Marchands de bananes, de beignets, de cartes de téléphone, de mouchoirs, de fringues de seconde main, d’ombrelles et de parasols, de chaussures – « beaucoup de malades perdent leurs chaussures dans la cohue qui accompagne le passage de la première à la deuxième étape du traitement », explique une marchande ambulante –, cantines où l’on peut manger des brochettes et du riz, kiosques vendant eau chaude, café soluble et boissons gazeuses, points de chargement des batteries de portables – alimentés par des panneaux solaires –, transferts d’argent…
Deux ou trois photographes arpentent le camp et immortalisent les « miracles » du guérisseur sur des clichés qu’ils vendent sur place pour quelques francs CFA.
Un espace délimité par quelques pierres a été baptisé « mosquée », des nattes posées à même le sol attendent les fidèles pour les trois prières quotidiennes et, juste à côté, on vend de l’eau tiède pour les ablutions.
Pas d’eau courante, pas d’électricité, pas d’installations sanitaires… Préoccupés par ce rassemblement improvisé, des représentants de la municipalité se sont rendu sur le site et ont installé quelques latrines démontables, tandis que la Croix Rouge promettait des tentes que l’on attend toujours.

Un jour, une tornade, qui n’avait pas l’air bien méchante, semble vouloir traverser le campement mais dévie finalement sa course – le guérisseur l’a chassé, dit-on aussitôt – et prend la direction approximative du tamarinier sous lequel Boulango Dabourgou a eu la révélation de ses pouvoirs surnaturels.
Le lendemain, le guérisseur invite quelques notables en visite et moi-même à une sorte de pèlerinage jusqu’au grand tamarinier.
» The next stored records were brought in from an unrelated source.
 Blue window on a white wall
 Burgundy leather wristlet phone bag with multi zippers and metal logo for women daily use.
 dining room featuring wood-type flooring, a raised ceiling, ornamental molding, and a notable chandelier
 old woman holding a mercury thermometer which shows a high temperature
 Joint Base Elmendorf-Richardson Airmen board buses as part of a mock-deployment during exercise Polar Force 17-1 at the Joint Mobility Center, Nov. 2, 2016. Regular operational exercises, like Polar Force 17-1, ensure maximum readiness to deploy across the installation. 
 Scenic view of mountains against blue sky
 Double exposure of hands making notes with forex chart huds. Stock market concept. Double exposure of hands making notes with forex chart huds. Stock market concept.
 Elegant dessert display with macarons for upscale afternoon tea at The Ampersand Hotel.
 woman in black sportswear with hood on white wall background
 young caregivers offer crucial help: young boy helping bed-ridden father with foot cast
Séance d’arrosage à l’eau minérale, prières, recueillement au pied de l’arbre. Puis Boulango Dabourgou demande à des habitants si, la veille, ils n’ont pas eu la visite d’un esprit. OUIIII ! Lui répond-on, une tornade est passée par là. Et tout le monde de s’esbaudir devant les pouvoirs divinatoires du mage.
Un moment après, je m’approche du tamarinier et photographie un détail du tronc. Qu’ai-je vu là ? Interroge le guérisseur. Oh, juste un nœud dans le bois et le dessin de l’écorce qui figurent vaguement un visage. Moment de stupéfaction dans l’assistance. C’est l’Esprit, tranche le guérisseur.